Response to the Child and Youth Wellbeing Strategy: First Monitoring Report

Response to the Child and Youth Wellbeing Strategy: First Monitoring Report

September 15, 2020

Monitoring current strategies to help reduce the impact COVID-19 on children and young people is essential, Disability Rights Commissioner Paula Tesoriero says. 

An update released on 10 September on the first year of the Child and Youth Wellbeing Strategy shows promising progress in addressing some issues to do with adversity. 
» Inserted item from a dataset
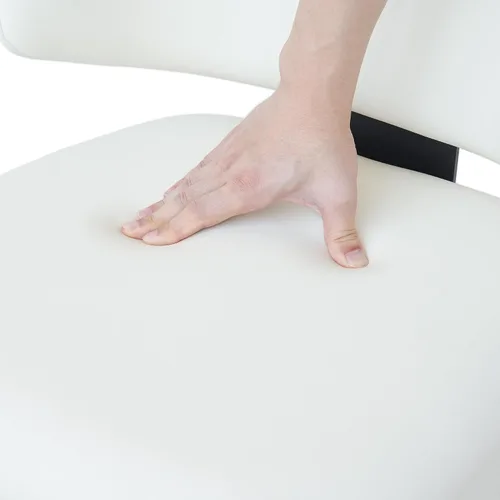 Miniatura 7 de Juego de 2 sillas de comedor modernas, tapizadas, respaldo alto, piel sintética, silla de cocina, sin brazos y patas de metal para sala de estar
For example, Ms Tesoriero said the extension of the nurses in school programme and Zero Fee GP visits for 13-year-olds would improve access to health services; and families would welcome the extension to lunch programmes and at least some increase in benefits. It was also positive that most of the 623 new Learning Support Coordinator roles in schools had commenced. 

“It’s great to see some progress in tackling poverty but it’s important to get to the root of systemic issues and not rely on band aids for long-term change,” Ms Tesoriero said. 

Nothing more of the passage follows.